The solutions needed to bring these processes together for a more coherent approach toward a unified network infrastructure exist today, but realizing the true potential of the Digital Oilfield has been elusive. Although it will require vision, consensus and a shared commitment to turn this dream into reality, the potential financial benefits for the early adopters are significant.

Historical perspective
While every industry perceives its challenges to be unique, the energy enterprise is encountering performance, access and security challenges similar to those faced by the industrial and financial services sectors. It was not too long ago that the world financial system – banks, stock exchanges, brokerages – dealt with all monetary exchanges via proprietary collection, distribution and exchange systems. As global financial markets became more intertwined, with more entities touching and supporting transactions, the need for a unified system of exchange was inevitable. Eventually, the demand for more exchanges increased exponentially, and with it, the need for standard technologies, such as IP technology, that could handle millions of real-time messages and trades every day. Now, the latest advancements in networking facilitate the wireless transfer of billions of dollars a day with assured data control and security. The analysis, movement and security of vast amounts of information have become a critical part of the financial industry’s operations.

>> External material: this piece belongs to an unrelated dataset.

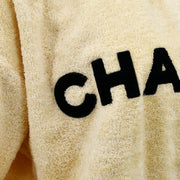 Chanel Spring 1993 logo-appliqué cotton brushed sweatshirt #40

Mirroring the infrastructure, security and data issues of the financial markets, an energy company searching for oil or gas encounters potentially dozens of vendors who are working at specific sites to provide specialized services. In this situation, oil and gas corporations are obliged to either offer access to their local infrastructure, or more typically, the vendors that work onsite must bring their own technology to link back to their companies' networks.

Elsewhere in the enterprise, energy companies are continuing to use proprietary infrastructures in hazardous environments, since these networks have traditionally been perceived as more secure and robust than the alternatives. Also, while many might consider a wholesale shift to IP-based standards, there is a need in the industry for further education and case studies about how these technologies can provide the same level of security, access, control and response as the oil and gas industry's current network infrastructures.

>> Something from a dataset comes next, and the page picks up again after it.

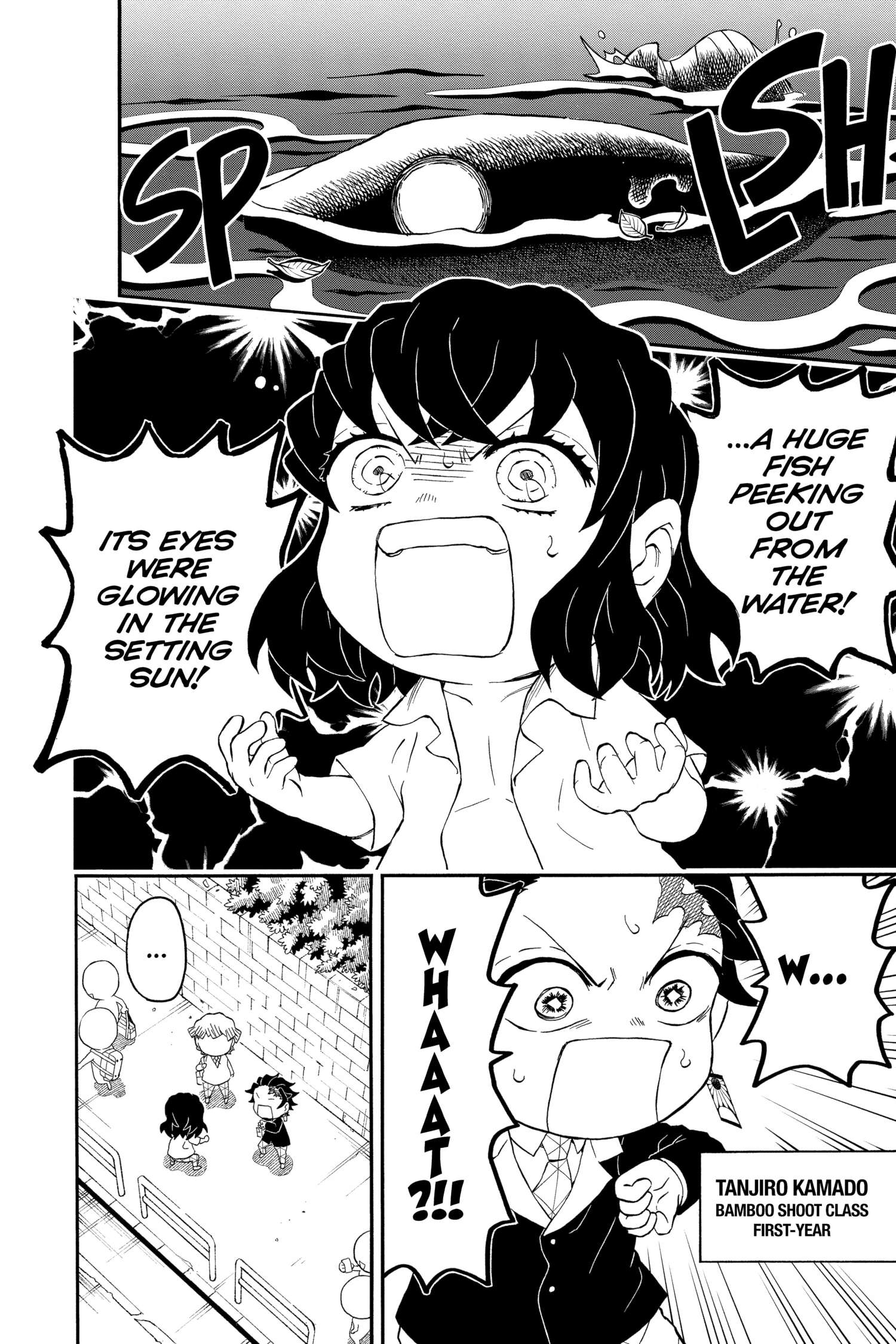 Demon Slayer: Kimetsu Academy Chap 24 - Next Chap 25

In this context, it is easy to see why the Digital Oilfield has been slow to become a reality. However, as the financial sector saw, the advances in technology, the Internet revolution and the shift to IP-based standards have brought greater security capabilities and data control as well as the ability to link all pieces of an energy company's assets through a single common network infrastructure.

Leveraging the network as a platform for change
More than anything else, the emergence of IP networking over the last ten years is helping companies move toward the Digital Oilfield. The growth of the Internet has driven the adoption of IP as the accepted and definitive standard for any modern computer network. Older systems have had to evolve in the face of the huge growth of the Internet, which has now raised the expectations of end users.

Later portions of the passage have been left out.